Het is niet juist dat zij dat laatste niet hebben gedaan.

B. Ten aanzien van de beslissing van de korpsbeheerder

1. Verzoeker klaagt er op dit punt over dat de korpsbeheerder zijn klacht op onjuiste gronden ongegrond heeft verklaard.

2. Gelet op hetgeen hiervoor is overwogen over het politieoptreden moet worden geoordeeld dat het de korpsbeheerder, voor zover het betreft het politieoptreden op 21 juli 1997, niet kan worden verweten de klacht ongegrond te hebben verklaard.

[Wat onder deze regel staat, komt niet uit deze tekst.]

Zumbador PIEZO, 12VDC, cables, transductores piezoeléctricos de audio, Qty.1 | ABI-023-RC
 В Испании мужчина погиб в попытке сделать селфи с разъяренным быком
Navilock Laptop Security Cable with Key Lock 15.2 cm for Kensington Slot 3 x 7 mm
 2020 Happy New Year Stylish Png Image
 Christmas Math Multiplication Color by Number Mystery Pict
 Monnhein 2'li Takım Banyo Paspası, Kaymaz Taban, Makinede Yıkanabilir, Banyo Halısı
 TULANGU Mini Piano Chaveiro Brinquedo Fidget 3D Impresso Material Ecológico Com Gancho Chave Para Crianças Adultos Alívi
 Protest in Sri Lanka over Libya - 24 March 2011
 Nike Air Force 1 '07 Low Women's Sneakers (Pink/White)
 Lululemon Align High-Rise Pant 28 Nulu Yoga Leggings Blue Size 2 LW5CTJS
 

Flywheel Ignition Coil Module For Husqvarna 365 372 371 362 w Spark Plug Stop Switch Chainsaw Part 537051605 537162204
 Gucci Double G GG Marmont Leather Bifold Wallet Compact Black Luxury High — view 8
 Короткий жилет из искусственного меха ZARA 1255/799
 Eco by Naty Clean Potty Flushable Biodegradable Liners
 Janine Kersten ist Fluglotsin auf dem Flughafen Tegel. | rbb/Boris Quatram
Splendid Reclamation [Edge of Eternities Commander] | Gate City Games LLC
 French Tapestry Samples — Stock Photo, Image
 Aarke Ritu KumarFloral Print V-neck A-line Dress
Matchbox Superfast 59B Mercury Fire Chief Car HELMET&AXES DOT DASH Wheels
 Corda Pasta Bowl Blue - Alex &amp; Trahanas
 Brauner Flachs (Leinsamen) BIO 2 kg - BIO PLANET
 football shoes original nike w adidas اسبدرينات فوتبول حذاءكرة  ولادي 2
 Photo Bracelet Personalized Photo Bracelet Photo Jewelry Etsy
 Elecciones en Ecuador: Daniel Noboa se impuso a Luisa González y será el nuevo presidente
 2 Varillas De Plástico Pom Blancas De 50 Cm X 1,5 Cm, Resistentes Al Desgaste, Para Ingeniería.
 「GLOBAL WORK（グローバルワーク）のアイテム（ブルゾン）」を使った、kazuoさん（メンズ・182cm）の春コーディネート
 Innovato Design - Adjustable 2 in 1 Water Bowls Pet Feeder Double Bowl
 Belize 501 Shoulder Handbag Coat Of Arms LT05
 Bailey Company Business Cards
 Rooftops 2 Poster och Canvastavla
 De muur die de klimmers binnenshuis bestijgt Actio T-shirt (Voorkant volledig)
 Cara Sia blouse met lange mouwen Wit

De onderzochte gedraging is op dit punt behoorlijk.

Conclusie

De klacht over de onderzochte gedraging van regionale politiekorps Utrecht, die wordt aangemerkt als een gedraging van de beheerder van het regionale politiekorps Utrecht (de burgemeester van Utrecht), is niet gegrond.

De klacht over de onderzochte gedraging van de beheerder van het regionale politiekorps Utrecht is niet gegrond.

Instantie: Regiopolitie Utrecht

Klacht:

Weigering om man, aan wie verzoeker enkele dagen onderdak had verleend, uit huis te verwijderen.

Oordeel:

Niet gegrond

Instantie: Beheerder regiopolitie Utrecht

Klacht:

Klacht op onjuiste gronden ongegrond verklaard.